114 100 104 89 102 91 114 114 103 105 108 130 120 132 111 128 118 119 86 72 111 103 74 112 107 103 98 96 112 112 93
We used these last week and got a 99.7% confidence interval. This week, I am curious as to whether these girls could be considered average. State a Ho, a Ha, and go through the proceedings to determine whether or not these girls should be considered average in terms of IQ. (in case you are unaware, 100 is considered average)
6.
In the United States, the mean yield of corn has been 120 bushels per acre. This year, 40 farmers gave their yields, with a mean of 123.8. The average yield has sd of 10 bushels.
a. Assume we want to prove that this sample shows the mean is higher than 120 this year. Write a null and alternative hypothesis.
b. Can you conclude that the mean this year is higher than 120? Show your numbers and explain your reasoning.
EXTENSION DUE TO ME BY MONDAY:
1.
If a random number generator truly is random,if it sampling from 0 to 100, it should tend towards having a mean of 50 and a population sd of 28.87.
Use r or another random number generator and create a list of 50 random numbers.
if stuck, try sample(0:100, replace=TRUE)
We added replace=TRUE to ensure the possibility that a single number can get picked more than once. This helps us check to see if the information is biased or not.
Use those numbers to determine whether or not you think the generator is truly random or not. Be sure to explain each step as you do it.
What number shows up the most in your data set (let me know how you found this out--there's r code or you can count, curious which you use)
Each number has a 0.01 chance of being selected. run a binomial test in r and see what the chances were of your specific number being selected the number of times that it was.

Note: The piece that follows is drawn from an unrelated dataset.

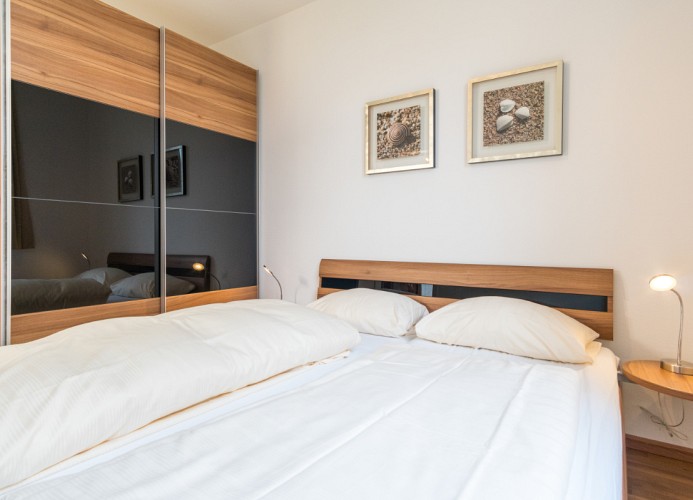 ... im Schlafzimmer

I'm going to guess the chances were pretty small. Does that fact mean that your data is exceptional? Explain how you know.
2.
Questions from the book (these are to be turned in on monday via e-mail, in case there was any doubt):
6.68, 6.71, 6.123 (part a they give you the answer, but go with it anyway)
read section 7.1 and prepare the following questions for in class:
what is the difference between a t score and a z score?
how do we know what test we should be using in a given instance? (t.test? z.test? CI? 1.5IQR? arg!)
we are going to attempt to make a diagram to help us in class dealing with this exact concept. so be prepared and ready to participate monday.